- Opening Delimiter -
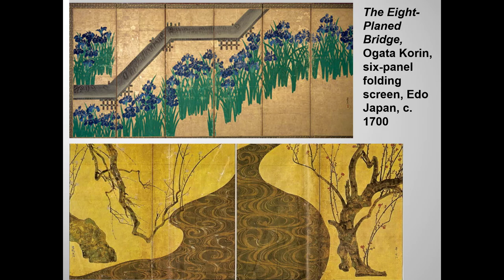Korin came from a family of wealthy textile merchants, and he used his decorative and bold designs on textiles, lacquerware, and ceramics, as well as paintings. His work was published in pattern books and manuals, and in this way he inspired many other craftsmen.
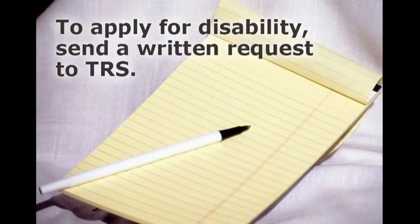If you need to apply for disability benefits, you must make a written request for a disability application packet. This request can be in the form of a letter, email, or fax. Simply state that you would like a disability application packet, provide a brief explanation as to the type of disability, and tell us the date you expect your sick leave to expire. It's best to request the disability packet about three weeks before your sick leave expires.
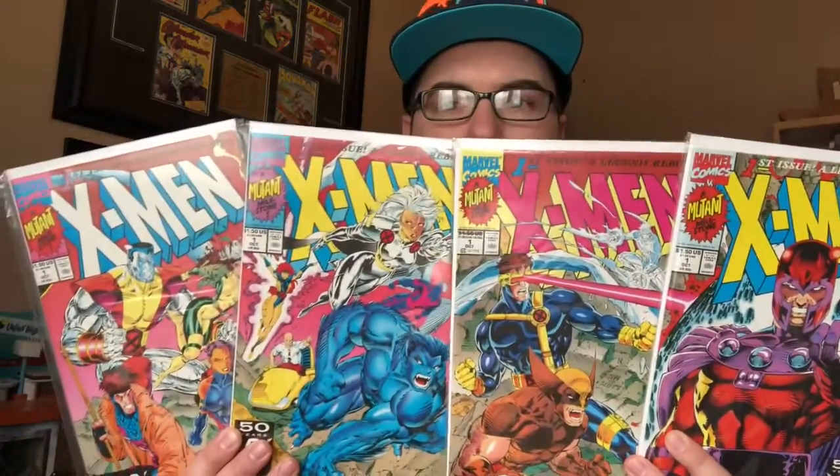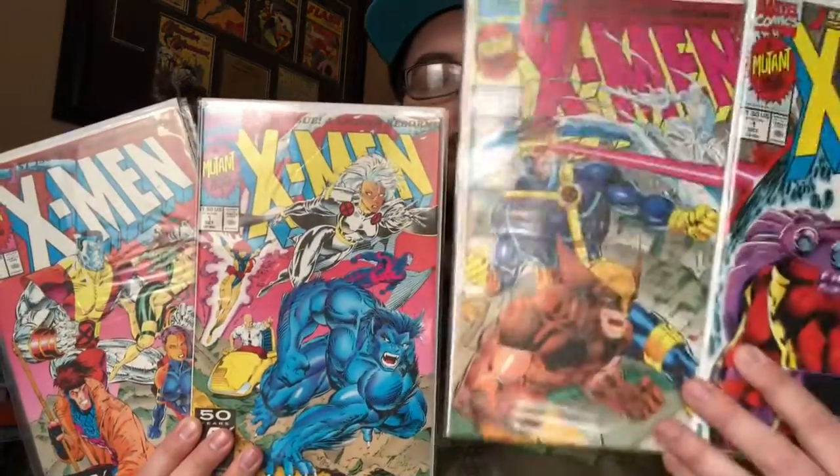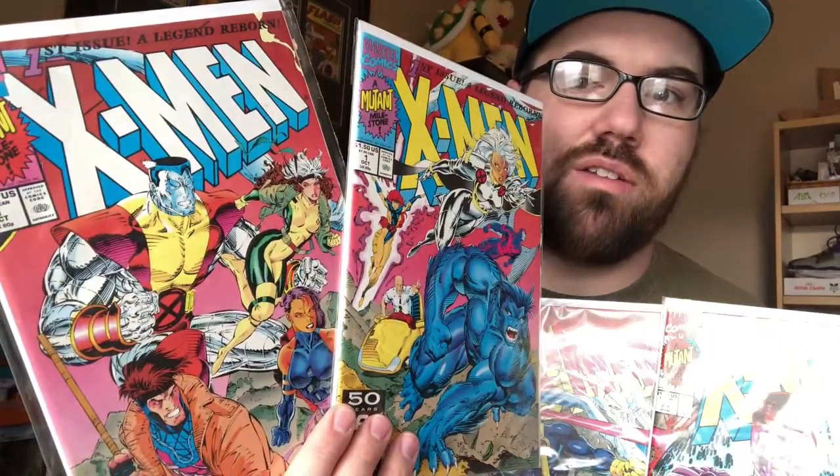Issue number one is the highest selling comic book in the history of comic books - 8 million copies sold - because he did four covers that all interconnect. It's got Magneto versus the X-Men: Cyclops, Wolverine, Beast, Storm, Jean Grey, Professor X, Colossus, Psylocke, Rogue, and Gambit. That's freaking sweet. Look at this art - this is one of my favorite comic book covers of all time. I love this book so much.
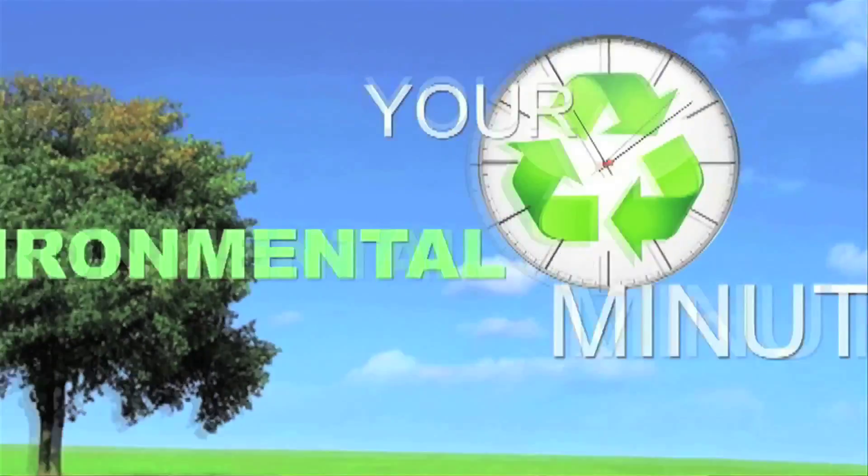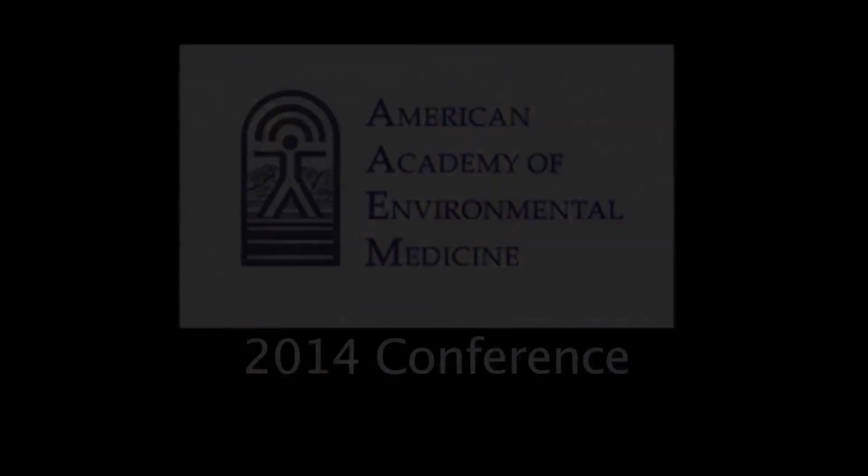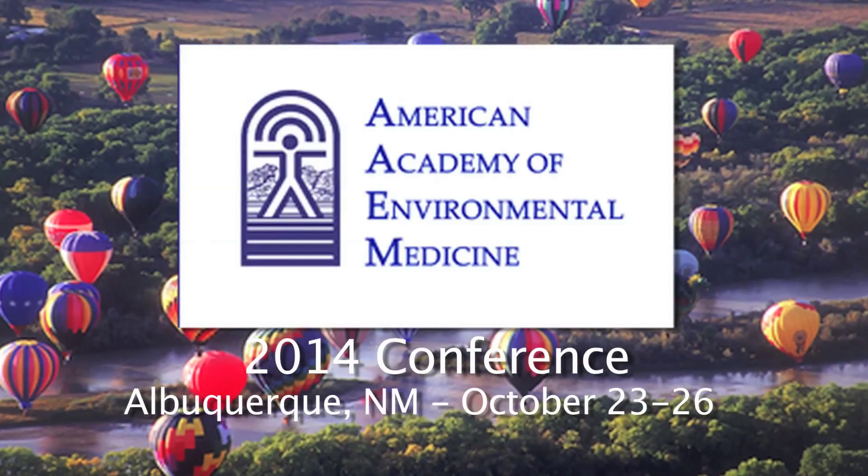Dr. Hope, you've been great. Thank you for being on your Environmental Minute. Thank you very much for having me on the show. I'm Dr. Adrienne Sprouse and this is your Environmental Minute. Thanks a lot.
- Closing Delimiter -
— Problem to solve —
Only the lines from the one containing "Issue number one" through the end of the listing above should be reproduced, exactly as they stand. Leave the pictures out.

— Response to this task —
Issue number one is the highest selling comic book in the history of comic books - 8 million copies sold - because he did four covers that all interconnect. It's got Magneto versus the X-Men: Cyclops, Wolverine, Beast, Storm, Jean Grey, Professor X, Colossus, Psylocke, Rogue, and Gambit. That's freaking sweet. Look at this art - this is one of my favorite comic book covers of all time. I love this book so much.
Dr. Hope, you've been great. Thank you for being on your Environmental Minute. Thank you very much for having me on the show. I'm Dr. Adrienne Sprouse and this is your Environmental Minute. Thanks a lot.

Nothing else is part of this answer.